As I’ve become older I noticed I’ve become more like one of my former acquaintances who had no taste for adventure and had become overly conservative and averse to changes. This personal trend increased during the lock-down for the pandemic. On the scale of introversion to extroversion, introversion seems to be more prevalent. It takes extra motivation to get out of the house to take in new experiences.
It seems that I’ve become more mentally lazy in this regard–something I do not want to encourage. It’s time to put my nose to the grindstone and reestablish some routines and schedules. If I jot down what needs to be done, I’m more likely to complete the tasks. This is less effective if the goal requires several months to complete. I’ve considered scheduling bite-size portions of the job, but acclimating myself to a routine works better for me.
Generally speaking, I’m pretty much a detail-oriented, methodical worker–once I get started. This is especially true when the project is to clean small objects or to restore a vintage or antique lamp. I want the thing to look as close to when it was new, yet to be robust enough to use as a current, everyday part of living.
For example, a few years ago, I spent the better part of two weeks restoring a 120-year-old kerosene lamp. I wanted to retain the vintage, electrified conversion parts yet also keep in reserve the ability to re-convert it back to liquid fuel. I formulated a plan and set about to follow it step by step. Due to the fact that it is the oldest lamp in the house, I was further motivated because I wanted to see it lit up again. I didn’t mind the gradual progress. I just went with the flow and gut instincts as to how to repair certain components. After the pieces were fixed or replaced, everything assembled quickly. The lamp was then placed in the bedroom to use as a practical accessory.
Overall, I’m fairly good at imagining and planning what I want to do. It’s the implementation that often falls short. When I don’t begin working on the project, I physically write a short note in the day-planner journal. The act of putting pen to paper mentally solidifies the goal in my mind better than tapping a reminder into an electronic device. For some people the electronic reminder works better. Regardless of the format, I recommend scheduling because it’s effective. The schedule gets you started on the path to methodical completion of the job at hand.
The point is to just begin.

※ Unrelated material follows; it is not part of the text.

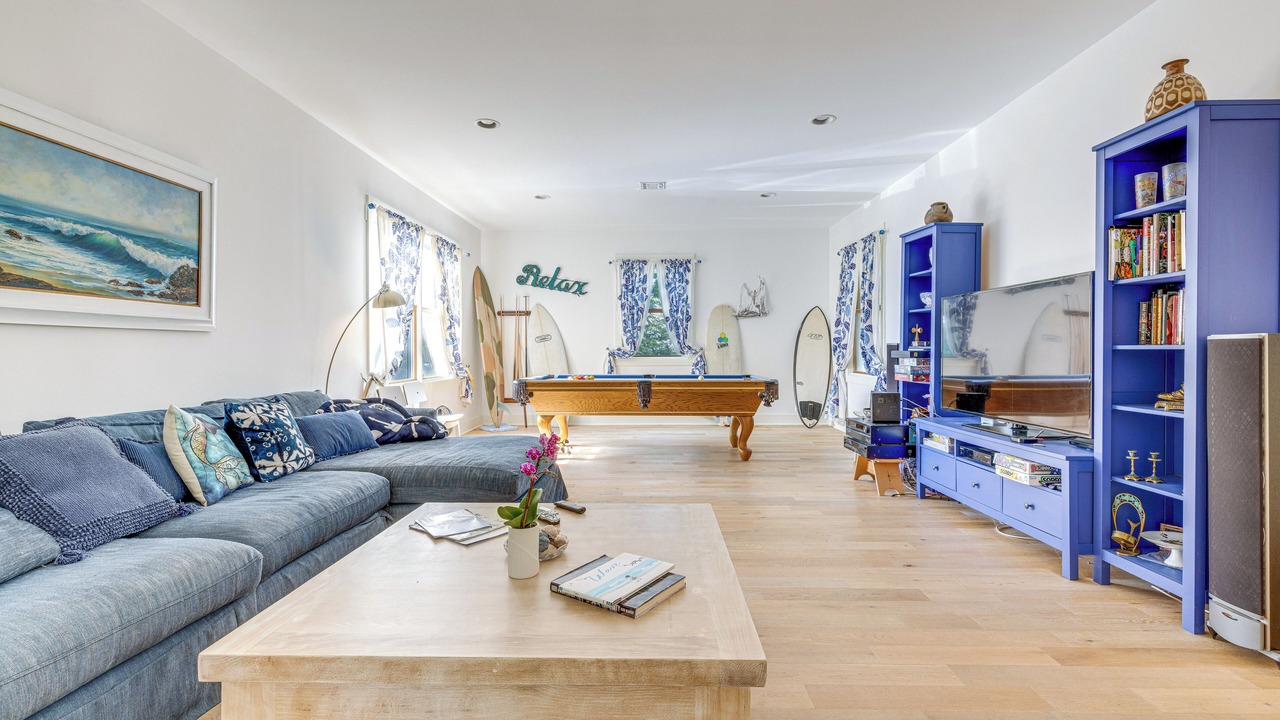 Photo of Livingroom in Center Moriches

Once a task is started, the work seems to almost flow along on its own. It isn’t the most exciting thing, but oftentimes, we simply become absorbed and mentally get into it. Our minds pull odd tricks like this all the time. It’s how we operate on the job or tinker with our hobbies. I’m sure psychologists have probably studied this phenomenon because it’s interesting.

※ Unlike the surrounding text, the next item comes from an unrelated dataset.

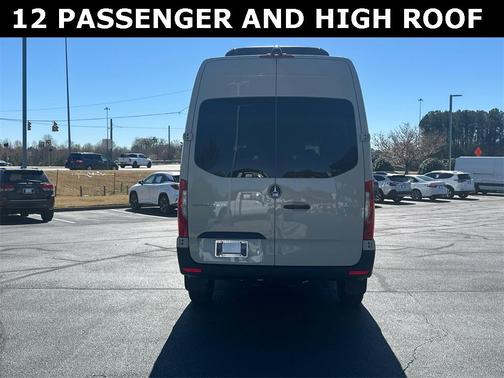 2025 Mercedes-Benz Sprinter 2500 144 WB Standard Roof Passenger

What’s also interesting about putting in the necessary effort, is that not only do we complete our tasks, our characters grow and become a little stronger. With diligent attention and patient caring about our actions, we thrive as a result of the expended effort.
The Blue Jay of Happiness ponders something from 20th century Indian sage and liberated being, Ramana Maharshi. “No one succeeds without effort…. Those who succeed owe their success to perseverance.”